What a great story. And what a great pet Jet is. He certainly is greatful that you saved his life.
You did a great job and now you have a friend for life.

About the head twisting, I am not sure it is PMV in this case, could be though.
Another thought is he might have had some head injury.
Watch him closely for now and see if the symptons get worse.

Reti


----------



## betelguese (Dec 10, 2005)

Thanks Reti. I will. Jet, in fact, is sitting on the computer monitor as I type this. I hope it's not PMV after all, because I don't think I could take losing him to something like PMV.


----------



## dnrslucky1 (Oct 13, 2005)

That is a wonderfull story! He sounds like a very happy little Pigeon! Good thing you found him when you did!

Denise


----------



## Skyeking (Jan 17, 2003)

betelguese said:


> I hope it's not PMV after all, because I don't think I could take losing him to something like PMV.

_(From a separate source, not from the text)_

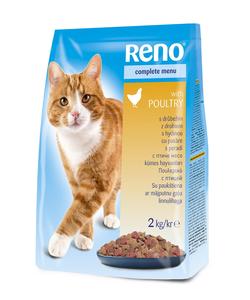 Reno cat complet menu drůbeží 2kg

With alot of supportive care and nutrition, Jet should do just fine. You have already given her lots of loving care, this should not be a prolem then.

Make sure to follow Cynthia's protocal, if it is PMV. If not the extra nutrition will only help.

Is she eating well and drinking well? That is half the battle. Make sure Jet eats at least a tablespoon of a good pigeon mix, three times a day.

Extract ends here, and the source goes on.